The noodles are a matter of smart shopping — look for noodles that are made primarily of buckwheat flour. Lesser flours (wheat, yam, rice) should be kept secondary at best. If buckwheat is the first ingredient listed, you should be good to go.
- 1 lb beef brisket or flank steak
- 1/2 an onion (optional)
- Nehng-myun noodles (look for ones with buckwheat as the primary ingredient)
- chicken broth
- soy sauce
- rice wine vinegar (you could substitute kimchi-mul for this)

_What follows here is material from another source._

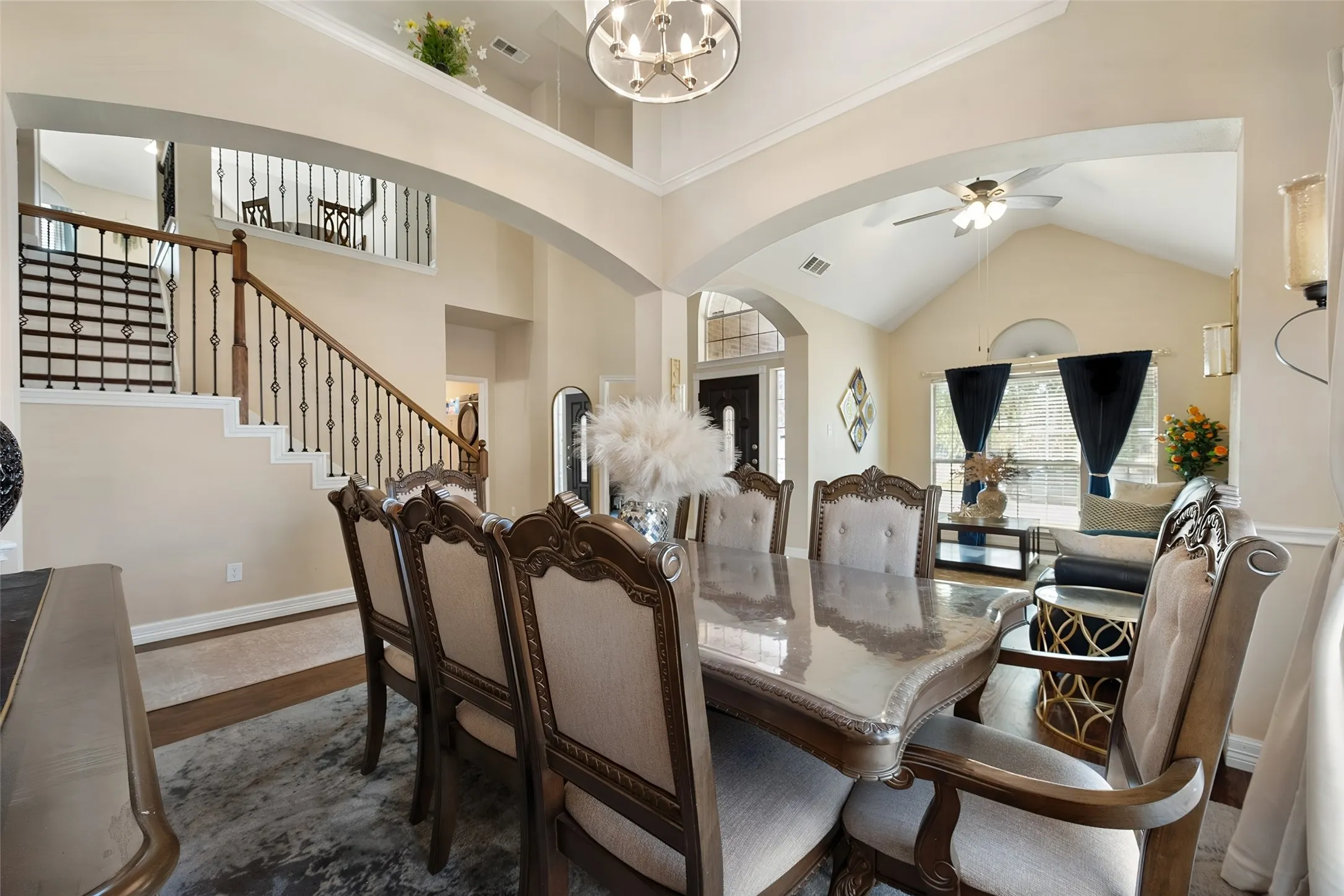 Open-concept living area with vaulted ceiling, wood-finish flooring, and a grand staircase featuring wrought iron balusters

- Cut steak into large chunks
- Boil 4 cups of water
- Add steak and onion
- Boil for 20 minutes, occasionally skimming off the scum at the top
- Let cool and put into the fridge
- Skim fat off top. Remove the beef chunks.
Assembling the nehng-myun:
- Boil water
- Add nehng-myun noodles. These cook very quickly (about 1-2 minutes), so keep an eye on them. Once they seem limp (less than al dente), drain them and rinse them under cold water to stop them from cooking.
- Combine in bowls roughly equal portions of beef and chicken broth. Adjust and add soy sauce and rice wine vinegar to taste.
- Add noodles
- Break apart the beef into bite-sized strips and add them to the broth.
- Add cucumbers, boiled eggs, kimchi. Cucumbers can be sliced into coins or thin matchsticks. Boiled eggs can be cut into halves or thinner slices. You can sometimes specifically ask for nehng-myun kimchi, which is light and refreshing.
- The hot dressing oil is VERY spicy. Add sparingly.
- I like to add ice cubes to my nehng-myun to make it extra cold.